● **Problem to solve**
Using the listing below, reproduce exactly the lines from the one with "冬季养龟必备的照明灯选择（探索最适合龟类过冬的照明灯具）" through the last, with all pictures left out.
##### Data for review
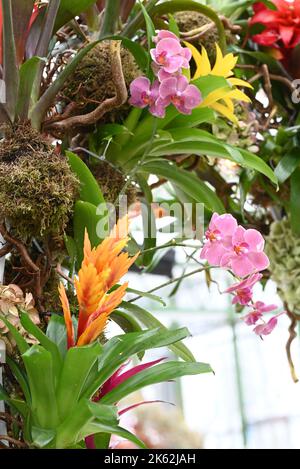 Bromeliad rote und gelbe tropische Pflanze und Orchideen. Stockfoto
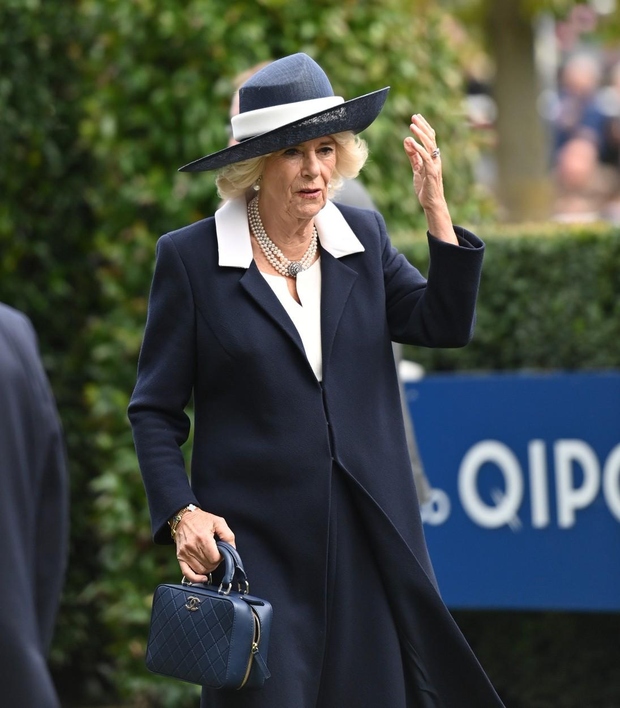 Kraljica Camilla je na dogodku nosila svojo drugo mornarsko modro obleko zapored, ki je bila sestavljena iz obleke srednje dolžine …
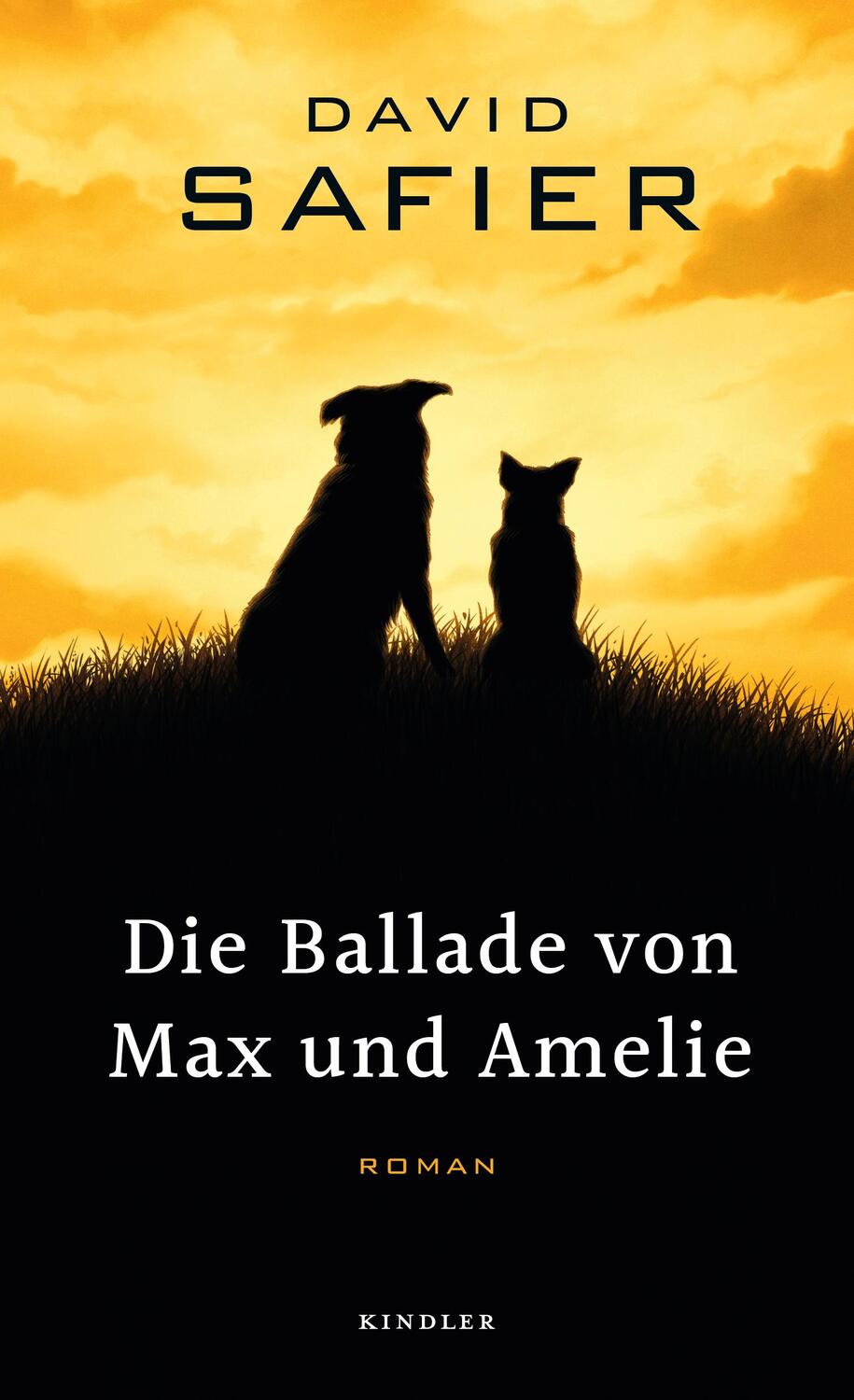 Cover: 9783463407098 | Die Ballade von Max und Amelie | David Safier | Buch | Deutsch | 2018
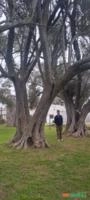 Oliveiras Centenárias para Paisagismo – Árvores Adultas e Ornamentais Imagem Oliveiras Centenárias para Paisagismo – Árvores Adultas e Ornamentais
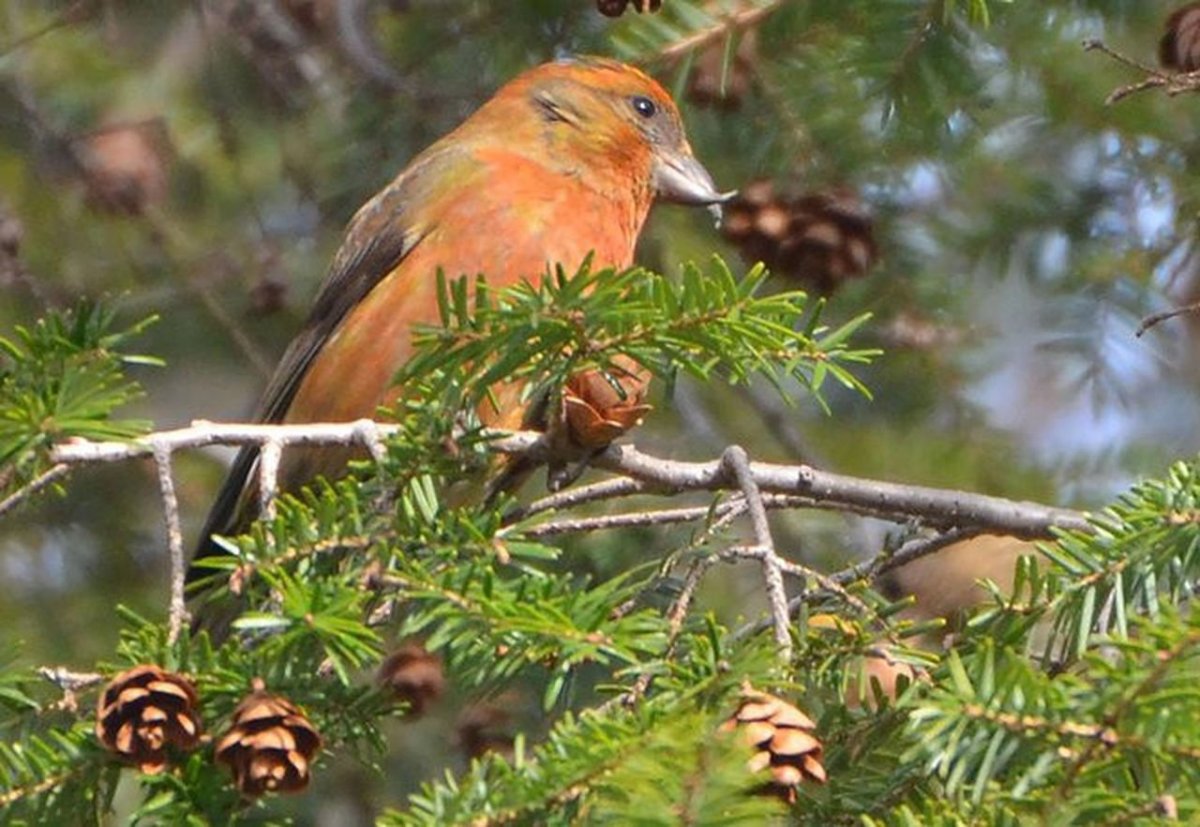 Природная зона Клест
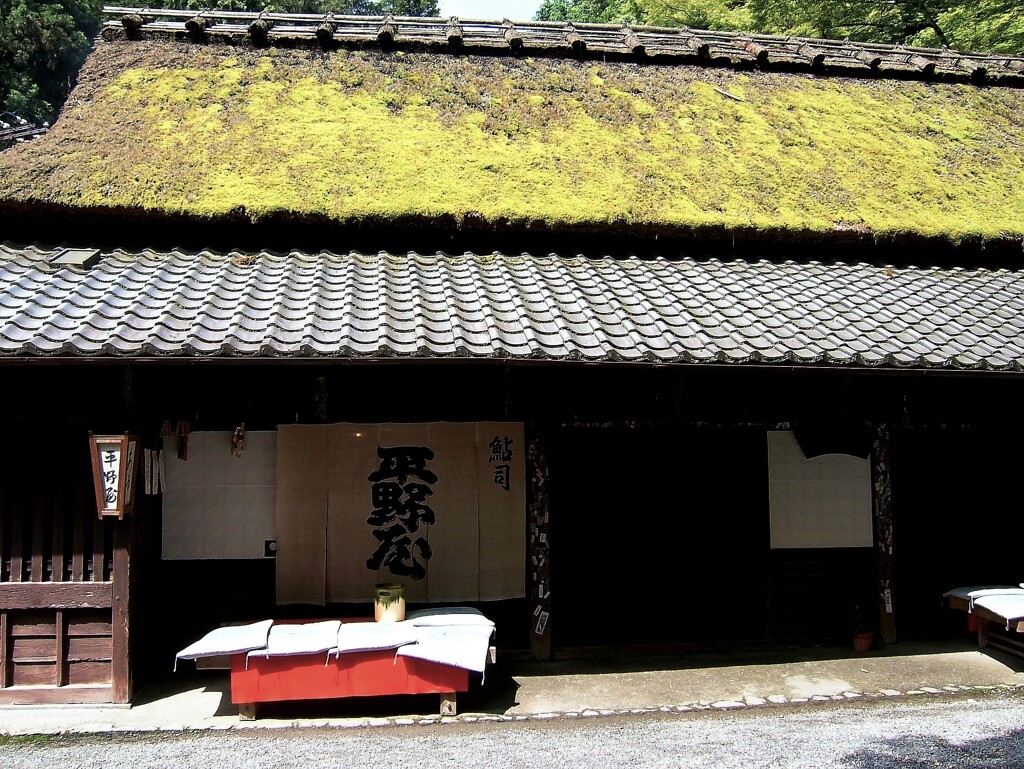 蔵出し　嵯峨野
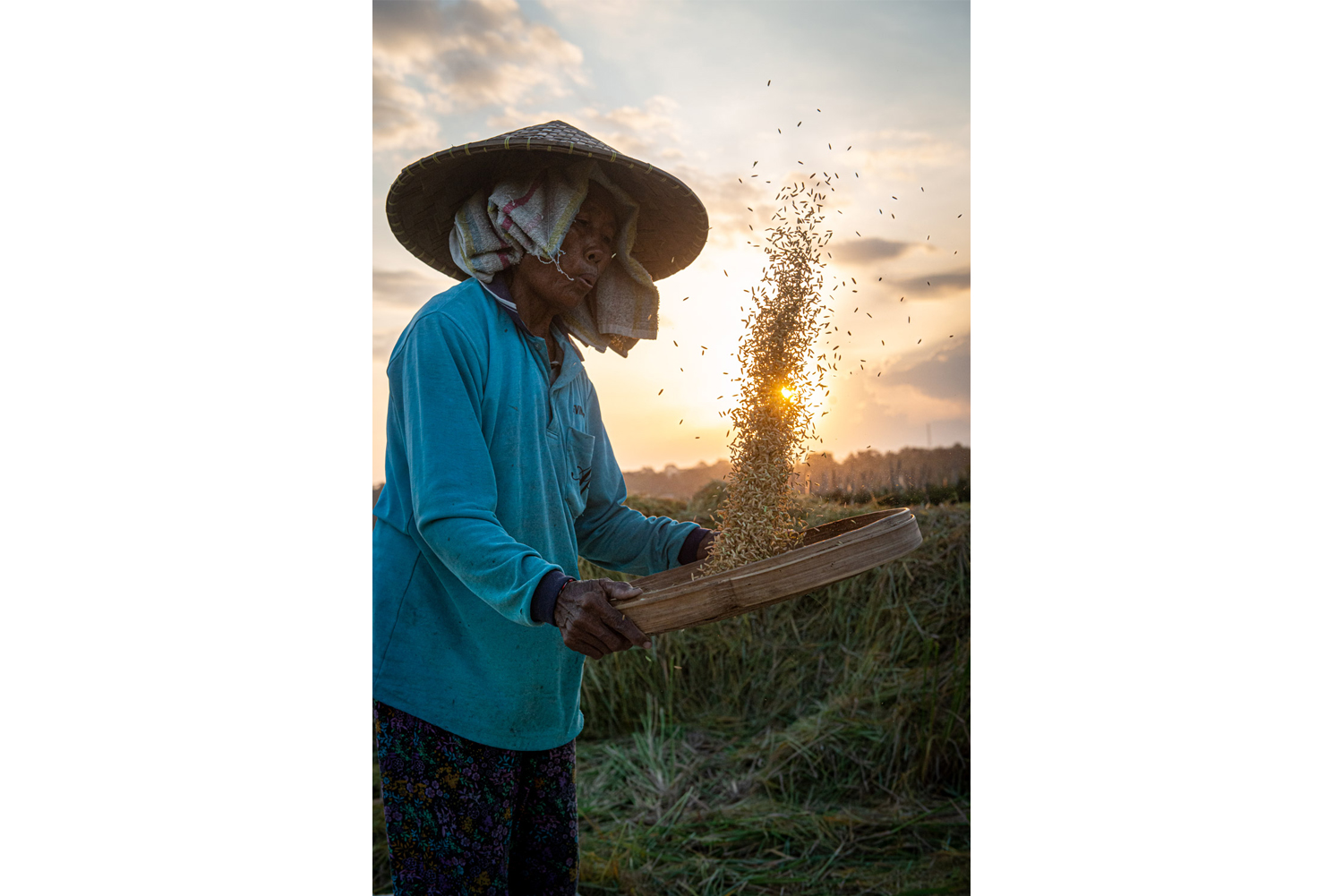 Portrait of an lady harvesting rice with a sunset in Bali.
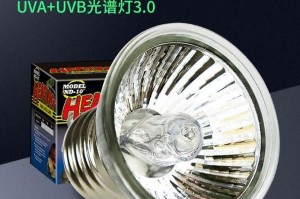 冬季养龟必备的照明灯选择（探索最适合龟类过冬的照明灯具）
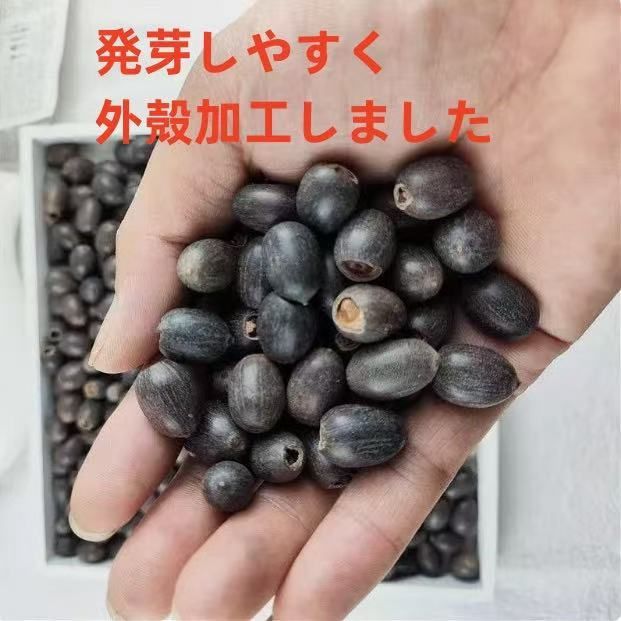 ミニハスの種 茶碗蓮 ハスの種 蓮の種 屋内外植付け可能 お得な値段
##########
● **Answer area**
 冬季养龟必备的照明灯选择（探索最适合龟类过冬的照明灯具）
 ミニハスの種 茶碗蓮 ハスの種 蓮の種 屋内外植付け可能 お得な値段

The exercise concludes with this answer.